Former Child Star Fatigue. Many of us have suffered it, given the drug problems, the meltdowns, the awful nude photos.

But then there's Fred Savage, who starred in the ABC show The Wonder Years from 1988 through 1993. Now he's a successful, slightly offbeat 35-five-year-old television producer and director. He works on wicked, slightly warped comedies including Party Down, It's Always Sunny In Philadelphia and as of today, Best Friends Forever. His first network sitcom premieres tonight on NBC.

"It kind of feeds and inspires and excites me in a way I never got as an actor," Savage says of life behind the camera.

Sitting in a worn-out temporary office at a Studio City lot in Los Angeles, where he's working on a pilot with Martin Lawrence, Savage recalls breaking into producing and directing, first on children's television.

Then he started producing and directing It's Always Sunny In Philadelphia, a cheerful little comedy with a twisted little heart. It airs on the cable channel FX and it's syndicated on Comedy Central. Sunny revolves around a group of unbelievably amoral friends who run a bar together; Savage wanted to produce it because he saw his own worst qualities in the characters.

"My selfishness and my arrogance and hubris and ego and all those things that you're not supposed to exercise in public," he says.

Savage's connection to the next darkly funny sitcom he produced and directed was simply that it was about actors.
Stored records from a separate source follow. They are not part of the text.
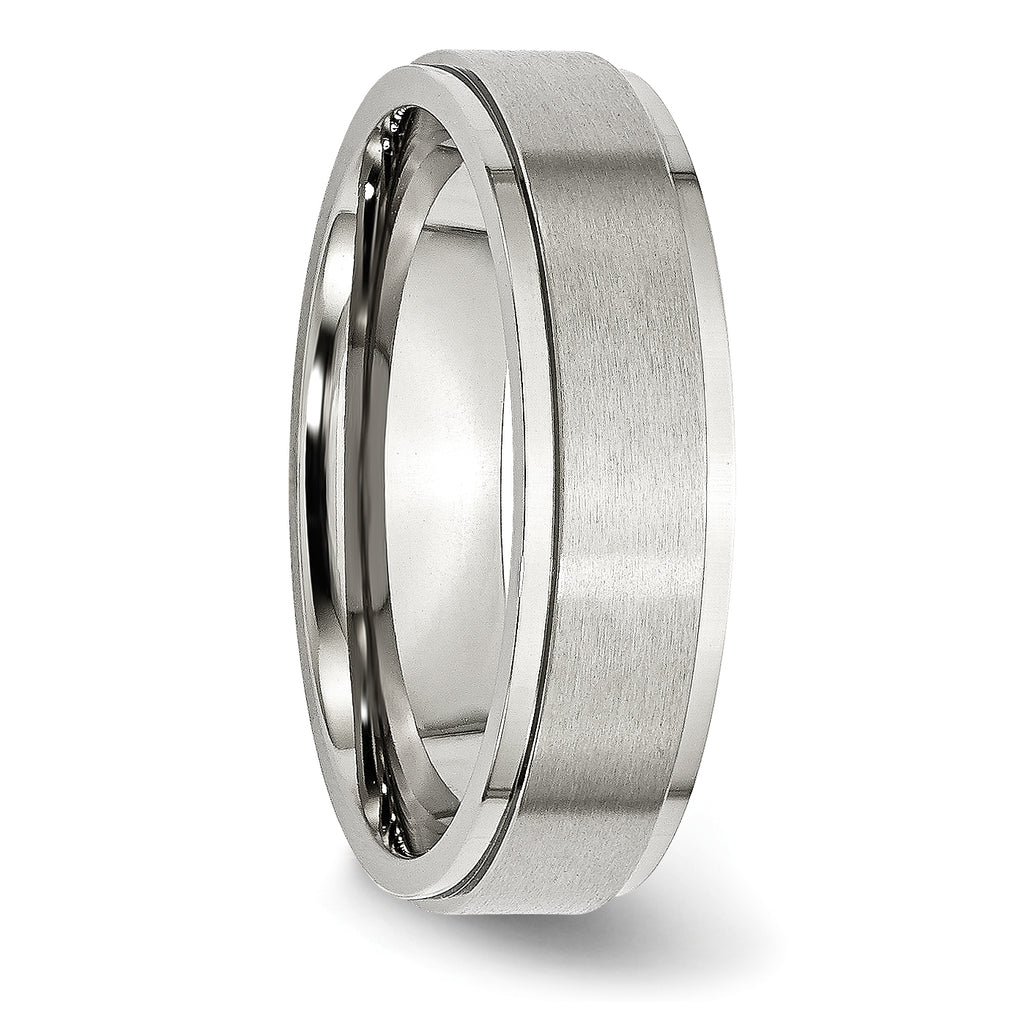Ridged Edge Comfort-Fit Wedding Band in Stainless Steel, 6mm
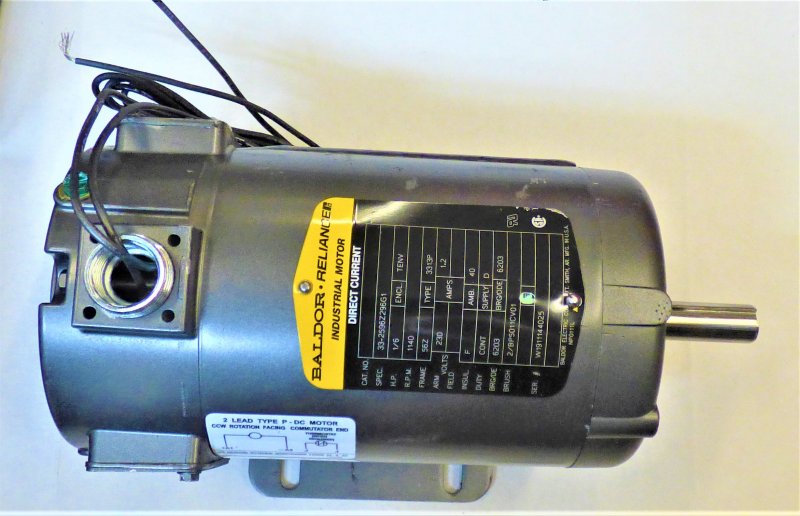 MOTOR, DOOR OPERATOR, 1/6 HP, 1140 RPM,230VDC, FRAME 56Z BALDOR # 33-2596Z296G1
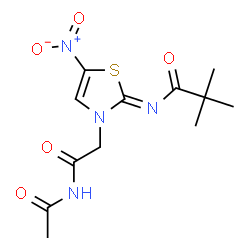 ChemSpider 2D Image | N-[(2Z)-3-(2-Acetamido-2-oxoethyl)-5-nitro-1,3-thiazol-2(3H)-ylidene]-2,2-dimethylpropanamide | C12H16N4O5S
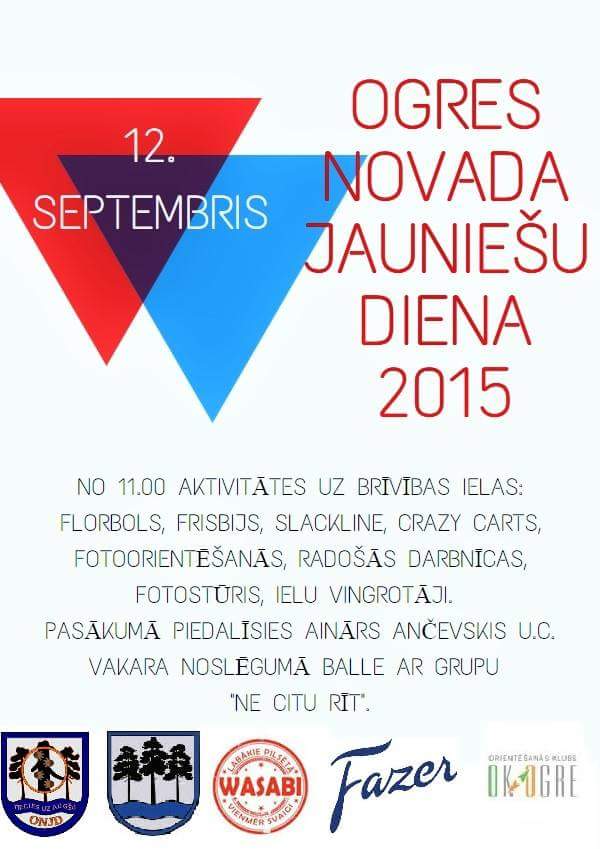 OgresNovadaJD's tweet photo. Ogres Novada Jauniešu diena jau šo sestdien! Nepalaid garām! 😊😊 http://t.co/hewJnQNGhr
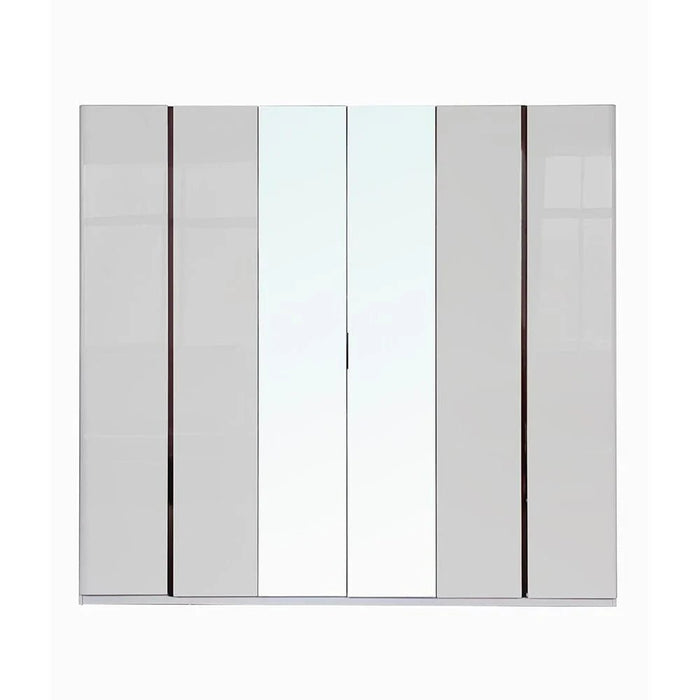 Santelmo 6-Door Wardrobe with Mirror-High Gloss Light Grey-With 2-Year Warranty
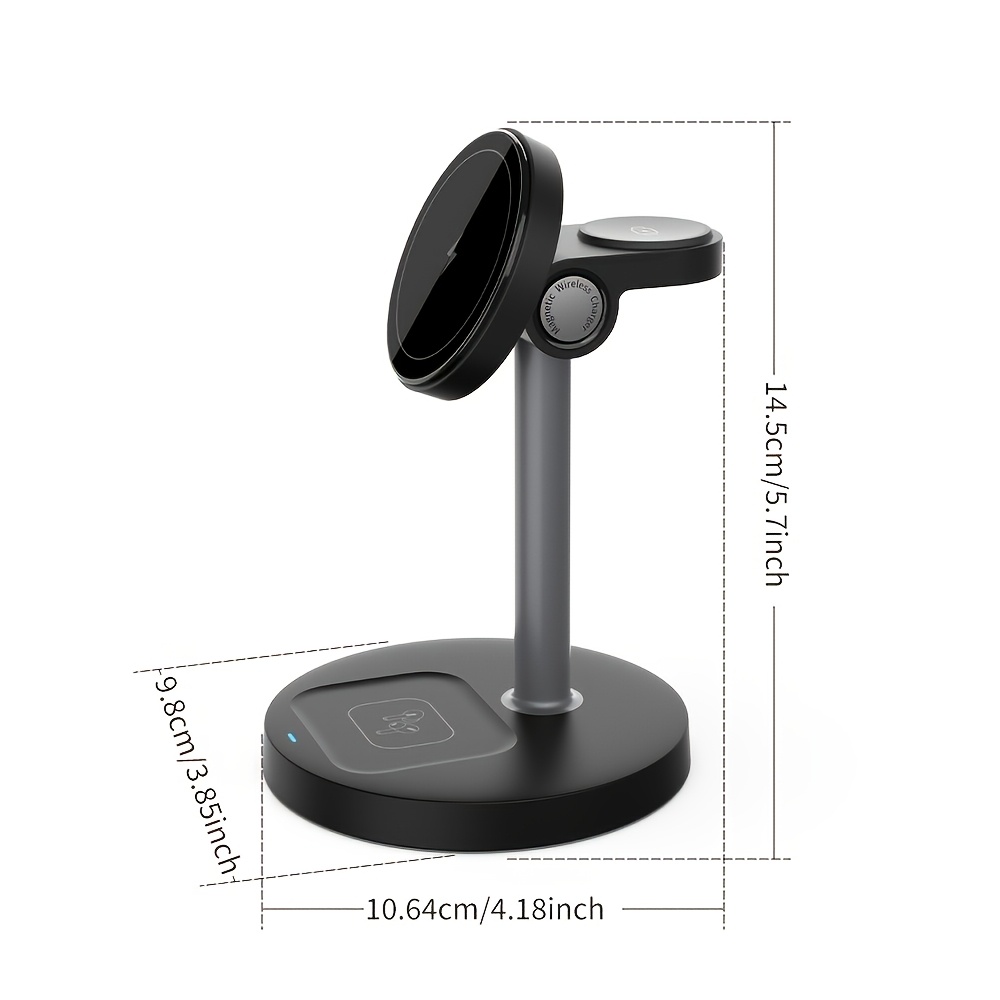 15W magnetic wireless charger stand compatible with iPhone  17/16/15/14/13/12 Pro Max/iWatch/* desktop fast charging stand suit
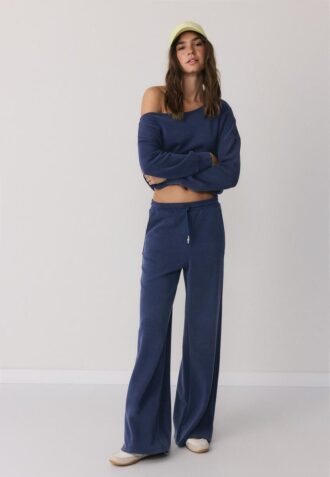 Pantalones jogger palazzo de tacto suave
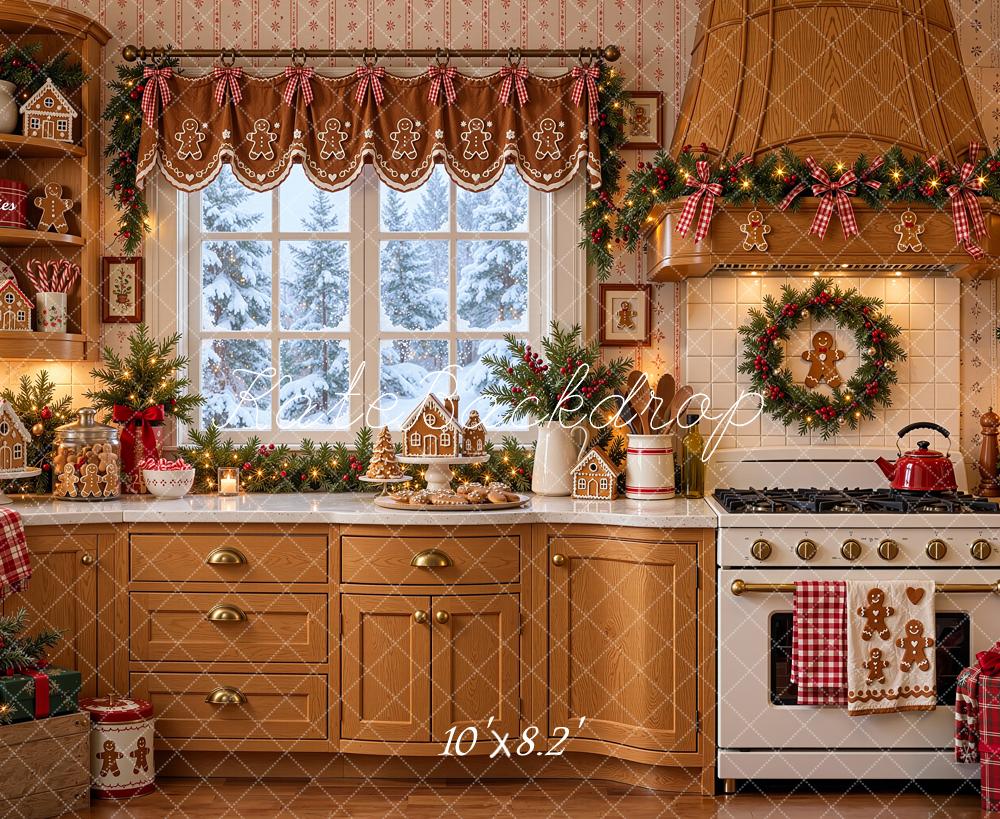 Kate Christmas Brown Gingerbread Kitchen Cabinet Window Printed Backdrop Designed by Shutter Swan Studios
More specifically, a group of L.A. actors unhappily employed at a catering company called Party Down. "It was a way station; it was purgatory," Savage says. "[At Party Down] you're not where you want to be ... or you're coming down from where you could have been."

Party Down lasted only two seasons on Starz, but it's enjoying a vigorous afterlife on streaming video and DVD, thanks in part to a brilliant cast that included Jane Lynch and Adam Scott.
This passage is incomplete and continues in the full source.